Friday, 26 de April de 2024 ISSN 1519-7670 - Ano 24 - nº 1285

Imprensa árabe em momento de autocrítica

O brutal seqüestro da escola de Beslan chocou o mundo inteiro e levantou um incomum sentimento de autocrítica e instrospecção no mundo árabe. Em um dos comentários mais surpreendentes, o editor-chefe da emissora de TV al-Arabiya, Abdel Rahman al-Rashed, afirmou em artigo no jornal Al Sharq al Awsat que ‘é um fato certo que nem todos os muçulmanos são terroristas, mas é igualmente correto, e doloroso, afirmar que quase todos os terroristas são muçulmanos’.

‘A maioria dos suicidas que joga bombas contra ônibus, carros, escolas, casas e edifícios em todo o mundo é muçulmana’, escreveu ele, citando casos como o da execução de trabalhadores nepaleses no Iraque, o ataque aos conjuntos residenciais em Riad, na Arábia Saudita, os aviões russos que – acredita-se – foram derrubados propositalmente há algumas semanas, e o próprio 11 de setembro de 2001. ‘Que recorde patético. Que façanha abominável. Isso nos diz algo sobre nossa sociedade e nossa cultura?’, questionou o editor.

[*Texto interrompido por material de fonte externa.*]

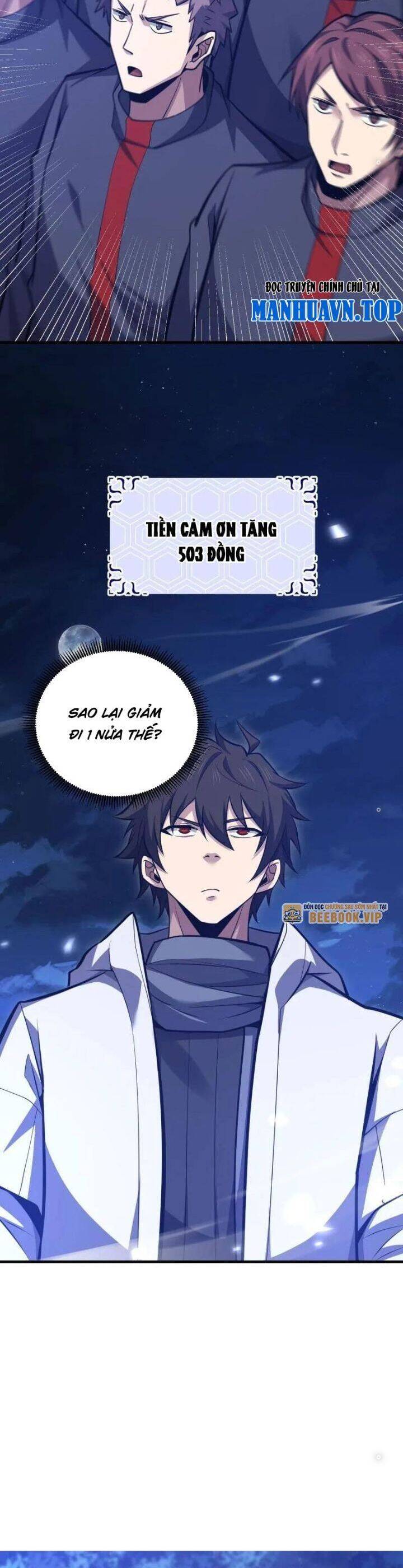 Đệ Nhất Danh Sách Chap 465 - Next Chap 466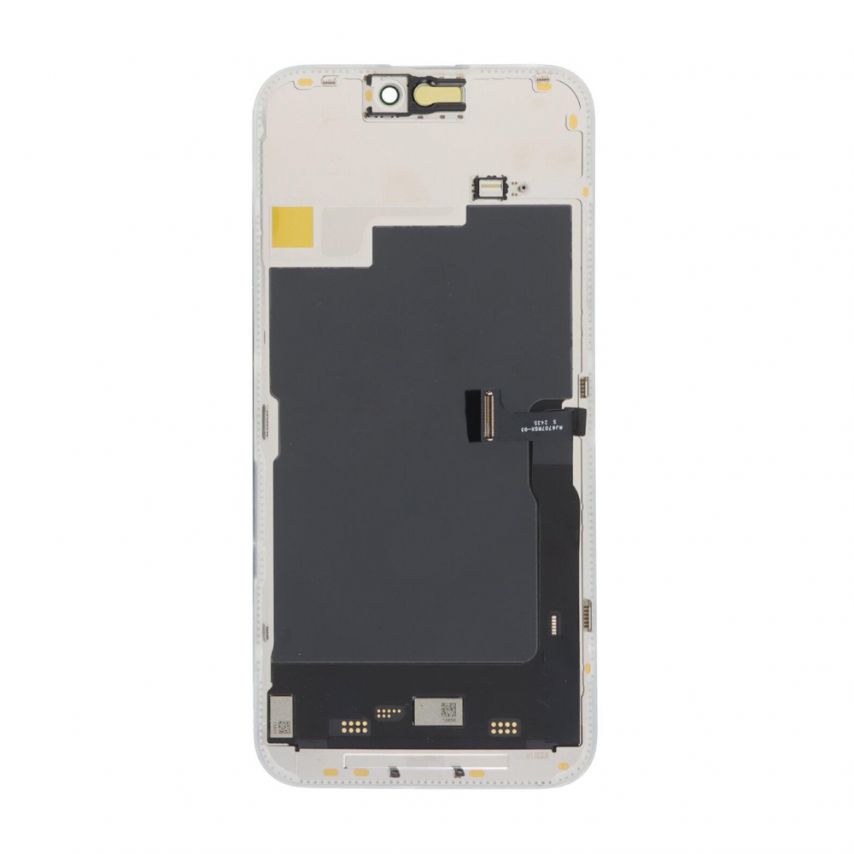 Дисплей (LCD) для Apple iPhone 15 Pro Max 120Hz з тачскріном black (Oled DD) Original Quality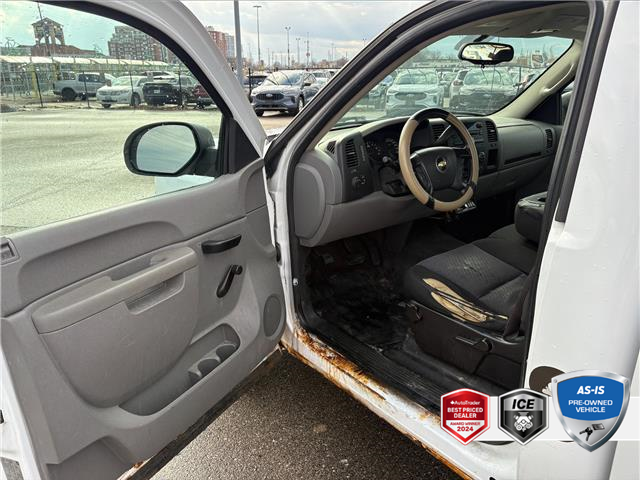 2013 Chevrolet Silverado 1500 WT (Stk: 5F242Z) in Oakville - Image 13 of 19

Como outros comentaristas, Rashed citou o caso do clérigo egípcio Yusuf al-Qaradawi, que possui um programa na rede de TV al-Jazira, onde expõe questões religiosas e incita a violência contra americanos e outros ‘ocupantes’ civis e militares do Iraque. ‘Como podemos acreditar nele quando ele nos diz que o Islã é a religião do perdão e da paz ao mesmo tempo em que a transforma na religião do sangue e da matança?’. Nesta questão, o editor foi acompanhado em coro pelo colunista do jornal kuaitiano al-Siyassa Faisal al-Qina’I, que escreveu que clérigos como Qaradawi, ‘em vez de defender o verdadeiro Islã, encorajam estas ações cruéis e apóiam decapitações, seqüestros e assassinatos’.

Jornais no Egito, como o al Ahram, e na Jordânia, como o al-Dustour, também se manifestaram contra o terrorismo na semana passada, chamando os recentes eventos na Rússia de um ‘crime contra a humanidade’. Na Arábia Saudita, o jornal Okaz publicou um texto escrito pelo colunista Khaled Hamed al-Suleiman com o título de ‘Açougueiros em nome de Alá’. Nele, Suleiman diz que ‘os propagandistas da guerra santa tiveram sucesso em distorcer a imagem do Islã’. O colunista afirma que ‘eles transformaram o Islã de hoje em algo relacionado a decapitações, seqüestros e explosões de pessoas. Colocaram nos olhos do mundo a imagem de que os muçulmanos são todos bárbaros e selvagens’, protestou. As informações são de John Kifner [The New York Times, 9/9/04].